The President of the United States, Donald Trump made a suggestion for the political scenario in Britain and said on November 3 that British Prime Minister Boris Johnson and the Brexit Party leader Nigel Farge should come together in order to protect the trade interests of the country. When asked by the reporters which UK leader did he support, President Trump said that 'I like them both'. According to the US President, both UK politicians should work in synergy for the expansion of US-UK trade after Britain leaves the European Union.
Nigel Farge not only retweeted President Trump's interview with the reporters explaining the trade constraints with Britain after it is no longer the part of the European Union but also said that PM Johnson's deal is 'not Brexit' and also that it 'does not get Brexit done'. Donald Trump said that the 'biggest economy in the world' US will be prohibited from doing trade with the UK which will be less beneficial for Britain as both countries can do much more business as opposed to the 27-nation-bloc. The US leader believes that since both UK lawmakers are his friends, they will definitely come up with a solution, 'its a possibility'.

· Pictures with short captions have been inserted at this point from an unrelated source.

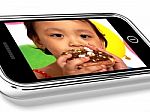 Kid Eating Donut On Mobile Screen Stock Photo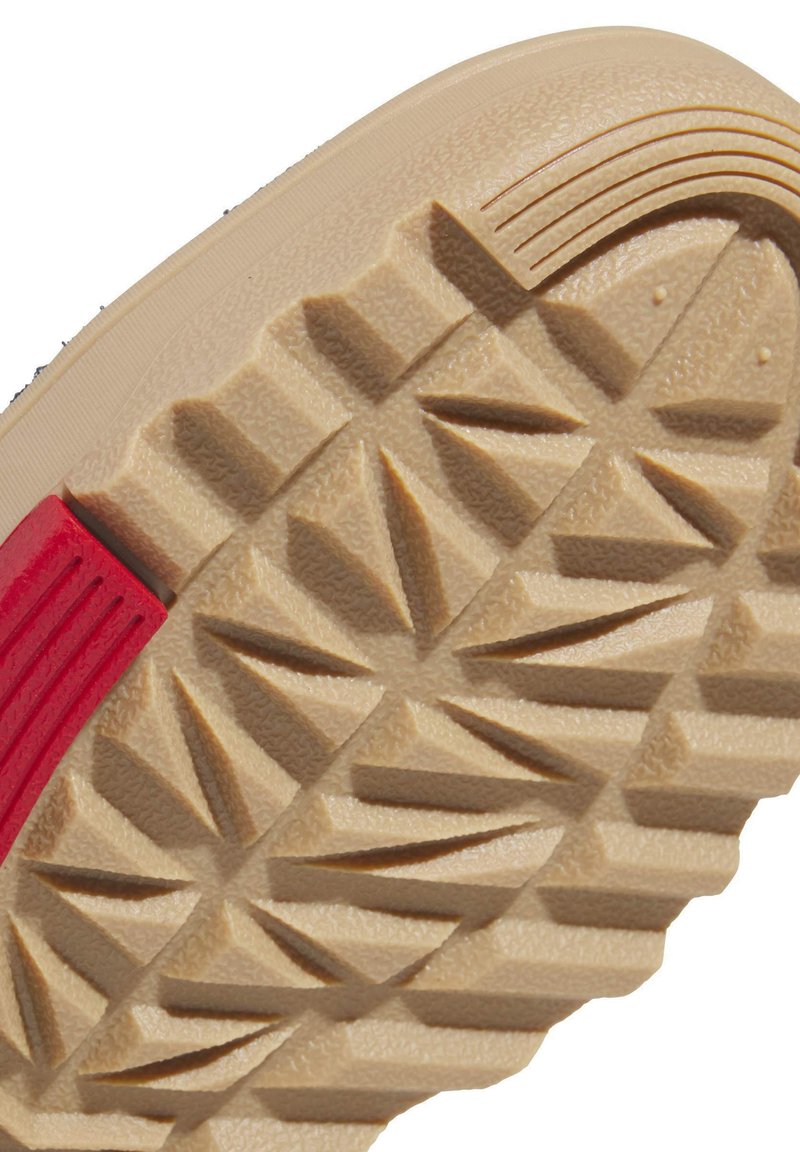 Sko)såler lavet af beige gummi, der har en struktureret overflade og trekantede mønstre, accentueret med en rød stribe.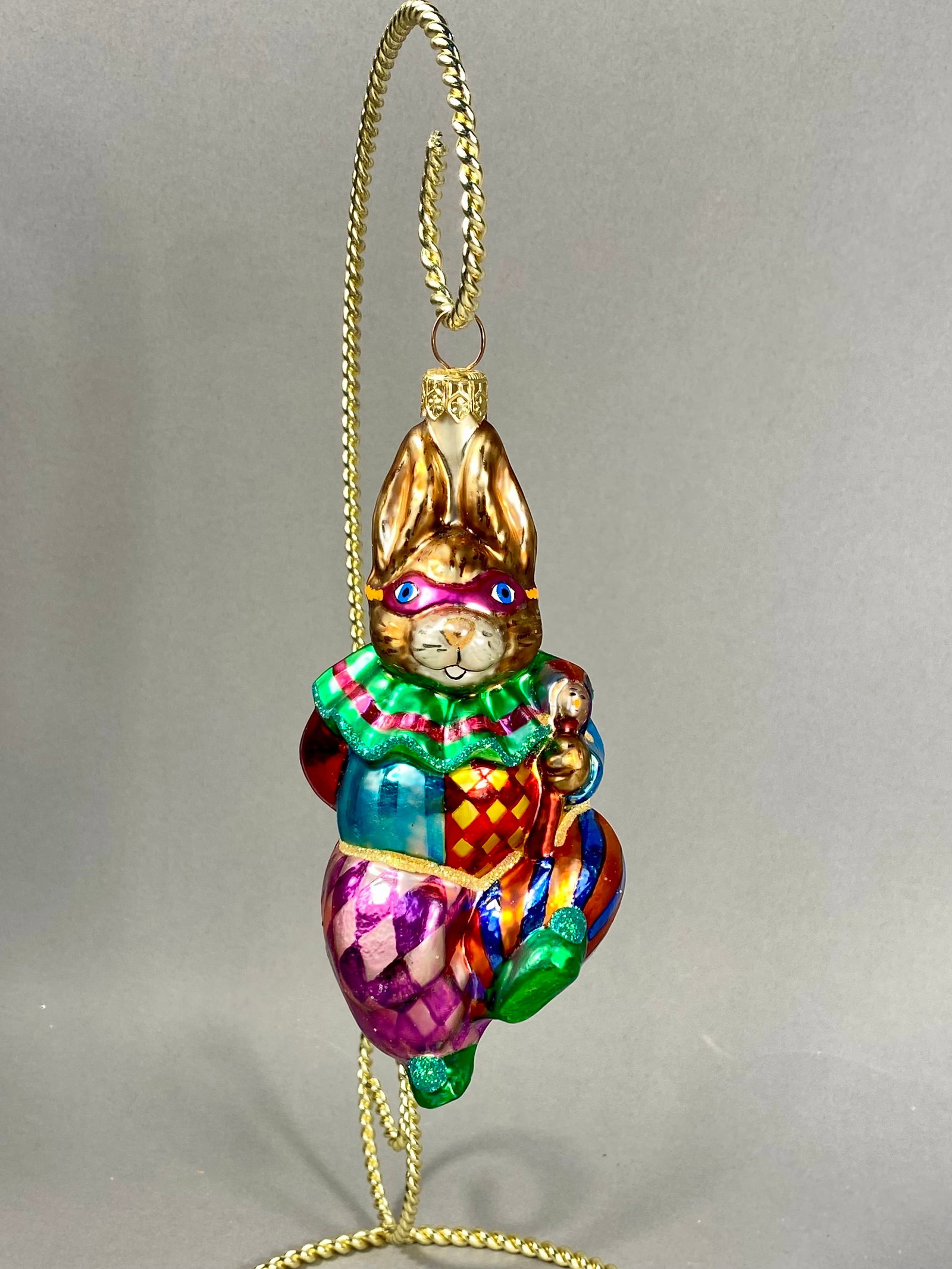 Radko Mask-Hare-Ade Rabbit Jester Glass Ornament: **Stand Not Included** A mouth-blown glass ornament from the Christopher Radko Mask-Hare-Ade collection. The ornament depicts a rabbit dressed in a vibrant harlequin or court jester costume. The rabbi
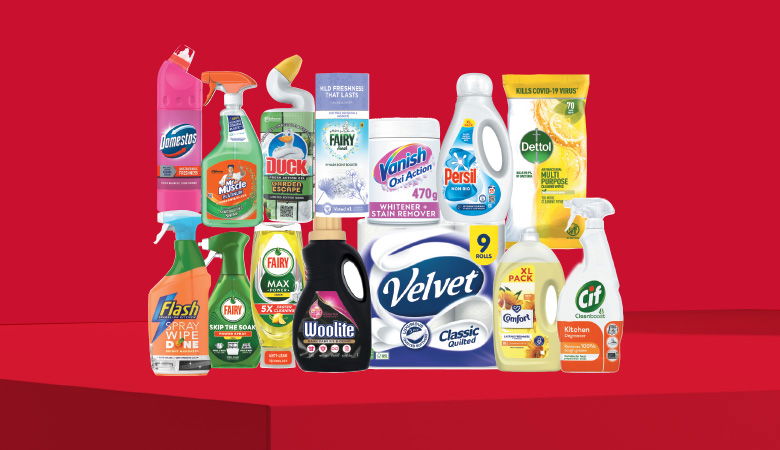 A promotional image showcasing various household cleaning and laundry products against a red backdrop.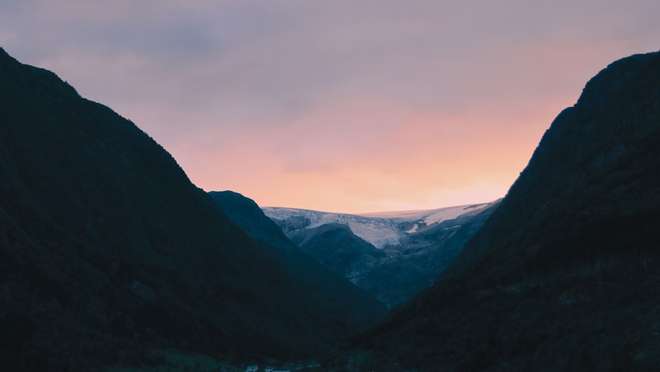 Step ashore at a quirky trapper's hut in a glacier-ringed northern Svalbard fjord.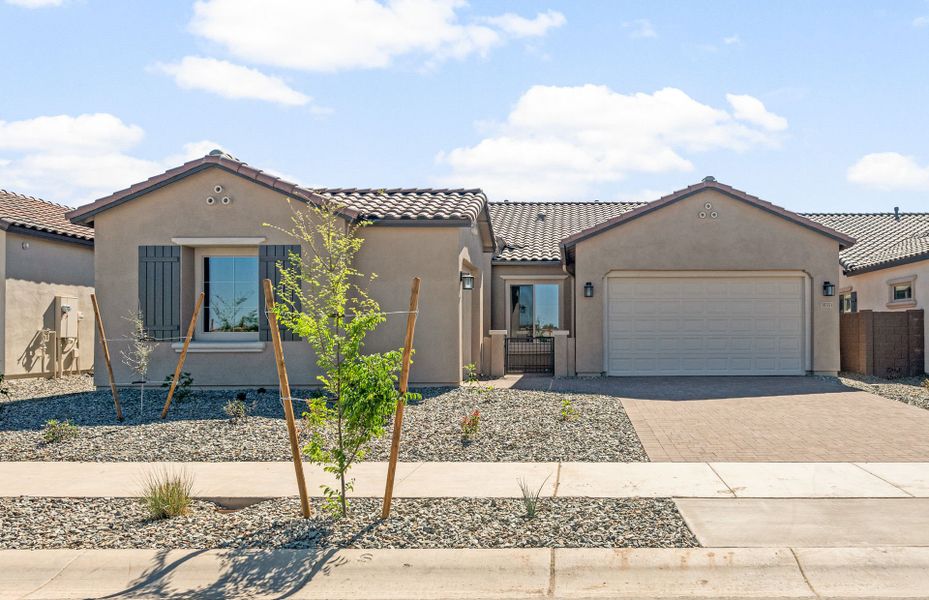Front exterior of a new home in Legado West, Gilbert, AZ, highlighting curb appeal (Image 2). Front exterior of a new home in Legado West, Gilbert, AZ, highlighting curb appeal (Image 2).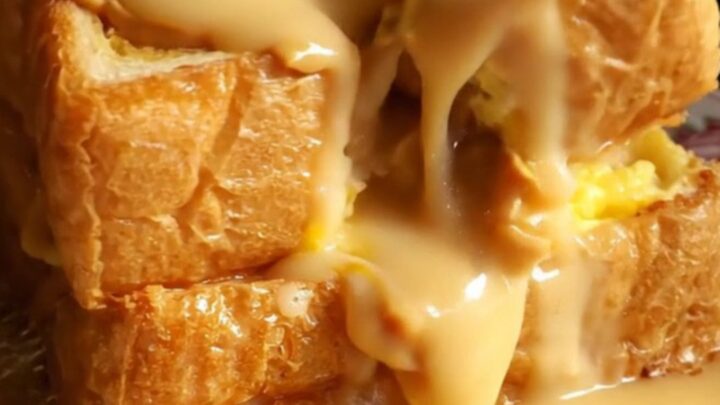 A close-up shot of golden-brown Hong Kong French toast with peanut butter oozing from the center.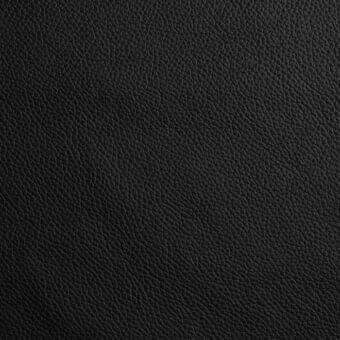 Black leather texture sample displaying a dense grain, irregular creases, and matte finish; Capri collection by Bonaldo, l09 leather.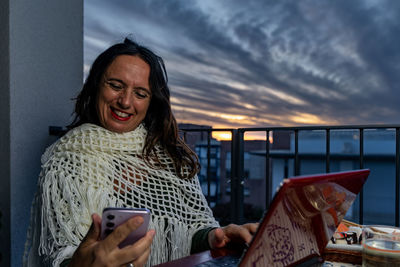 Young woman using mobile phone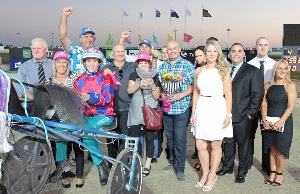 Tact Tate trainer/driver Amanda Turnbull with elated winning owners after taking out the 4YO Bonanza. 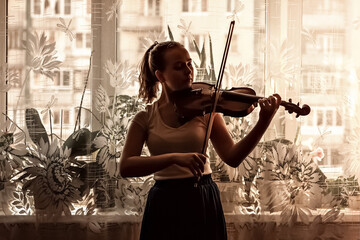 Silhouette of a young girl, a musician. Playing the violin in the background of the window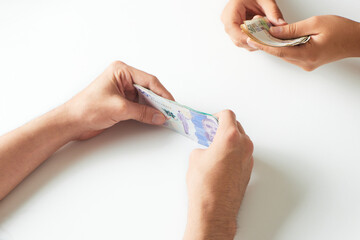 Hands receiving Colombian money from another person on a white background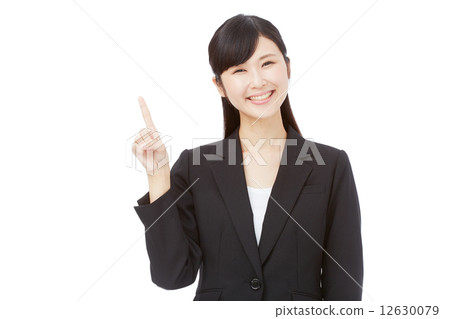 Pointing business woman 12630079
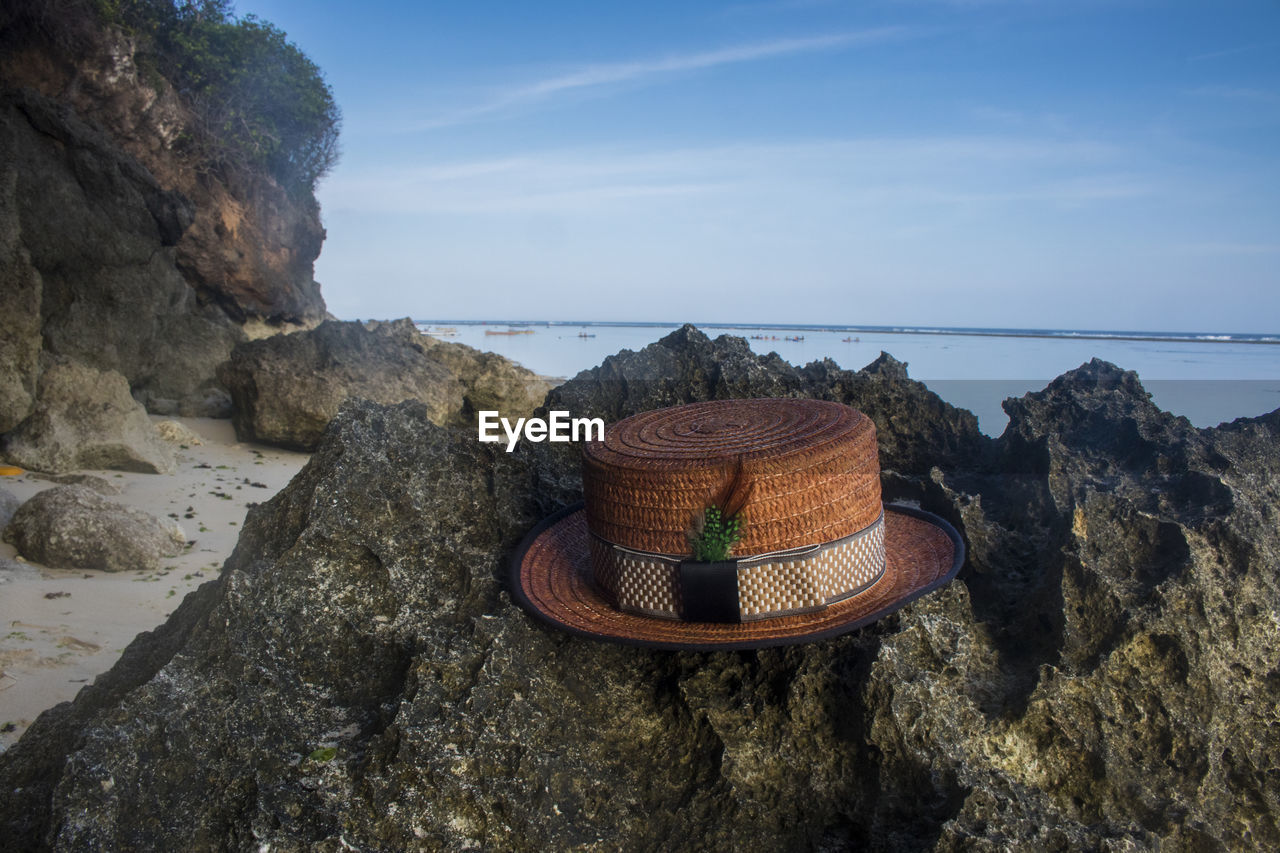 PANORAMIC SHOT OF ROCK ON BEACH AGAINST SKY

President Trump just reiterated his concerns that @BorisJohnson’s new EU treaty stops us striking a trade deal with America.— Nigel Farage (@Nigel_Farage) November 3, 2019
His deal is not Brexit and it does not get Brexit done. pic.twitter.com/s3J7lCPsuj
The United Kingdom House of Commons approved Prime Minister Boris Johnson's request for an early parliamentary General Election on October 29. The UK lawmakers voted 438 to 20 to pass the bill to the House of Lords and conduct elections on December 12 which will also decide the future of Britain's divorce from the European Union. Earlier this week, PM Johnson had threatened the MPs to pull the European Union Withdrawl Bill entirely and call for elections after the British Parliament rejected his fast track timetable to make Brexit happen on October 31. The UK leader believes that 'it is time to break the Brexit deadlock' and said that the current Parliament has failed to make Brexit happen, therefore there is a requirement for a 'new one' to get Britain back on the journey to a 'brighter future'.